In books like "Discrimination and Disparities", "Black Rednecks and White Liberals", and "Wealth, Poverty, and Politics", the author Thomas Sowell gives many examples of minority groups that prospered far above and beyond their relative majorities despite real and systemic oppression against them. And, in "Affirmative Action Around the World", he details just how disastrous, ineffective, and harmful affirmative action programs consistently end up being.
If you as a doctor consistently diagnose symptoms incorrectly, conclude the wrong illness, and, worst of all, prescribe treatment that ends up harming your patient more than helping, you are a terrible doctor that should be barred from practicing. The political left have been such terrible doctors decades nigh on century. They misdiagnose all disparity as due to racism or oppression, and their prescriptions, whether it's the great society programs of the 60s, affirmative action of the 70s, or today's DEI bureaucracies, are highly counterproductive and devastating to society.
This is why so many white-centric right wing groups very much want affirmative action abolished, because it is a massive advantage to the politically powerful and connected, who are mostly white in America.
Lets just say its hardly like they are out for justice for all races...
The left is perfectly happy to enforce their views using the same mechanism. Absent a claim that there is a scientific basis for the institutionalized racism of affirmative action, for instance, it seems no less religious. Being the "correct" opinion isn't a saving grace here.

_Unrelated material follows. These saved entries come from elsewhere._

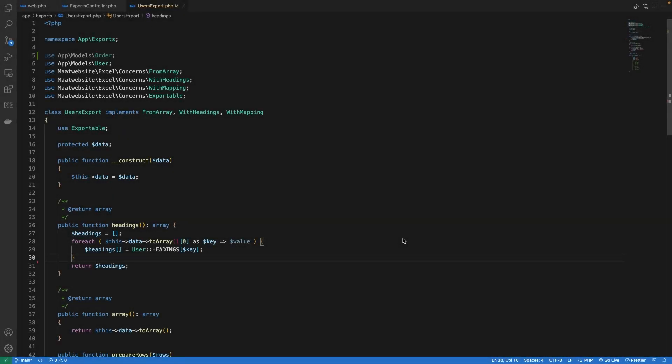Before going towards having multiple sheets and customization of each cell, I would like to show you a very simple issue you might face when using Laravel Excel for the first time. It may not be an issue, but if you are working with integers and you want numbers, this might be an issue.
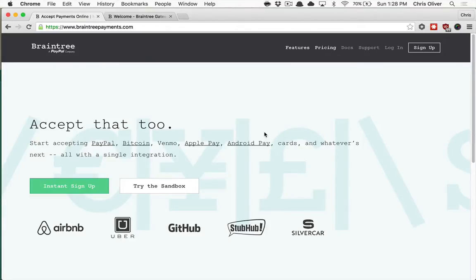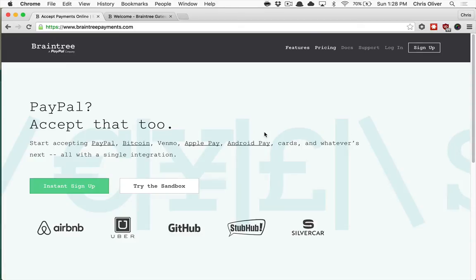In the past I've talked about using Stripe to capture credit cards in your Rails application, and this episode we're going to talk about an alternative called Braintree.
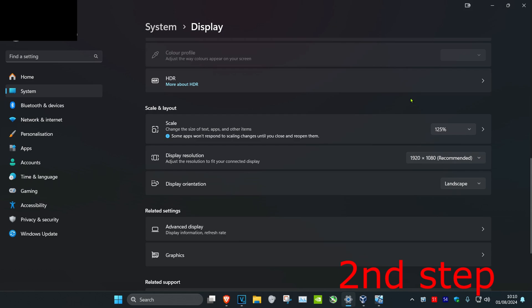And now it's being changed for me and it says right here that some apps won't respond to scaling changes till you close and reopen them. So just so you guys know, this is going to change the size and text of apps and other items.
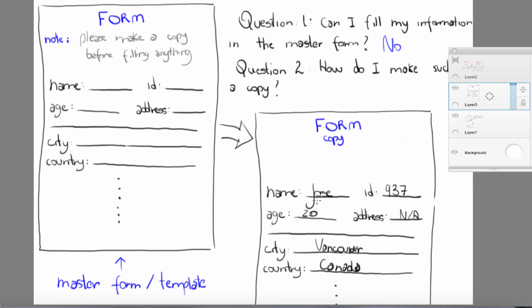This is something very important to keep in mind: you cannot change any value in a template. You cannot come and insert your age directly into the template — this is not allowed. First, you need to create a copy of your form, and then you can fill in your information.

This isn't my attempt to scuttle affirmative action, by the way. If you believe it is, you've missed my point
> Affirmative Action is not "reverse racism". Measuring someone's achievements relatively to the external difficulties they faced along the way is not "reverse racism". I don't believe we still have to spell this out.

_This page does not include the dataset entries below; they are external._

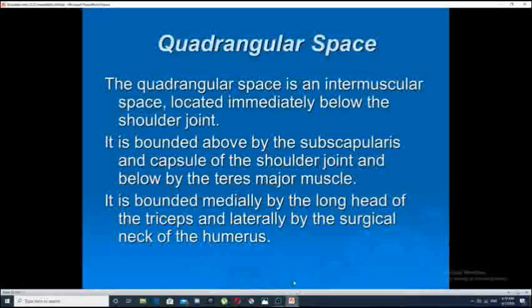Bismillah ar-Rahman ar-Rahim. Assalamu alaikum. Today we will continue our discussion about the shoulder joint. Last topic ended at the anatomy of the relations of the shoulder joint. Today we will start with the spaces that are present near the shoulder joint.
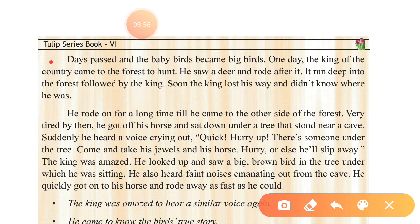To hunt means to hunt — shikar karna. He saw a deer — 'saw' is the second form of 'see' — and rode after it. He was on his horse, so the word used is 'rode.' The deer ran deep into the forest followed by the king, and the king lost his way and did not know where he was.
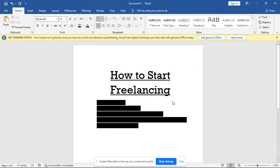Alright guys, in today's video I will show you simple steps you need to start freelancing. So what is freelancing? I will be going straight to what we have in today's video.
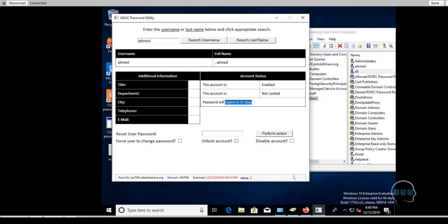These are the two main reasons you'd want this script. Of course it can do more: force a password change, unlock an account right from the interface, disable an account, and more. But the two main things it gives you are: first, telling you whether the password or account is expired, locked, or disabled; and second, showing how many days remain before a password expires. That's very powerful information for a help desk professional.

Affirmative action is not "measuring someone's achievements relatively to the external difficulties they faced along the way". It is racial discrimination against whites and asians.
Affirmative action does not measure people by external difficulties they faced. It measures people by their races and seek to benefit some races over others - being fueled by racial resentment.
No. It's more like "Leftist activists push AA and other policies with no concern for the impact on the communities they're purportedly intended to help."
> Do you, or have you ever, felt mad a black person because of affirmative action?
I'm pretty sure you could find a ton of people who do if you searched for it. But even if the harm wasn't real I think the point is that activists don't care about collateral damage.